Outras são apoiadas por empresas. “Há projetos que disponibilizam ferramentas e cursos que as meninas vão aprender, fazer e se tornar webdesigners”, exemplifica Luis. Os programas cadastrados não são necessariamente voltados para a comunidade universitária. “Precisam estar vinculados à tecnologia”.
MINERV@S DIGITAIS
A discussão em sala durante uma disciplina do quinto período do curso de Ciência da Computação fomentou uma das ações cadastradas no Igualdade STEM: o Minerv@s Digitais, criado em 2018. O objetivo da aula era apresentar aos alunos as possibilidades de carreira e propor debates sobre a área.
“O projeto nasceu da realidade gritante da Computação, não só na UFRJ, mas no Brasil e no mundo, que é a ausência de mulheres”, conta Maria Eduarda Lucena, estudante do 8º período. A criação do Miverv@s Digitais seguiu como trabalho final da disciplina, e, no fim do semestre, foi registrado como projeto de extensão.
Para Maria Eduarda, as motivações para a disparidade entre os gêneros no seu curso são muitas. “Vão desde rótulos velados, como os que estereotipam computador e videogame como brinquedos de meninos, ao comportamento machista generalizado que assombrou e ainda assombra em certa proporção a Ciência e as áreas de exatas”, reflete.
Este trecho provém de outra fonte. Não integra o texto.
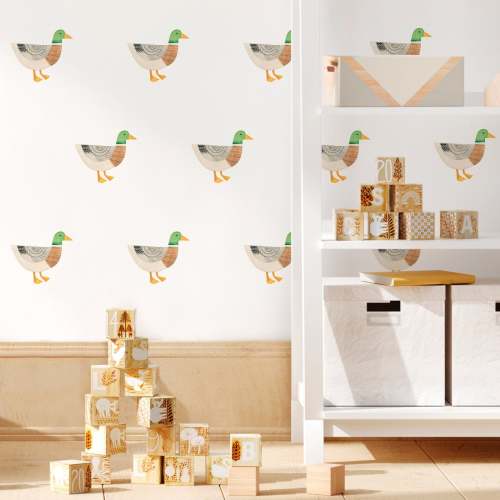 Mallard Ducks • Peel-and-Stick Wall Decals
Entre as atividades realizadas pelo grupo, a aluna destacou a atuação em escolas de nível médio e fundamental, especialmente no Centro Preparatório de Oficiais da Reserva (CPOR), na favela da Maré. “Foi um braço do nosso projeto nesses últimos dois anos”, diz. No lugar, é realizado o programa Forças no Esporte, com atividades esportivas gratuitas para a população, e muitas crianças das escolas públicas do entorno costumam frequentar o Centro.
“Elas fazem atividades ligadas ao esporte e nós atuamos com atividades mais pedagógicas, sobre lógica de programação, coisas bem simples, mas educativas”, explica Maria Eduarda.
O Minverv@s Digitais se inscreveu na pesquisa Igualdade STEM principalmente pela visibilidade. “Quanto mais alcance tivermos, mais vamos estar alinhados ao nosso objetivo, propagando e fomentando o interesse feminino em Ciência e Tecnologia”.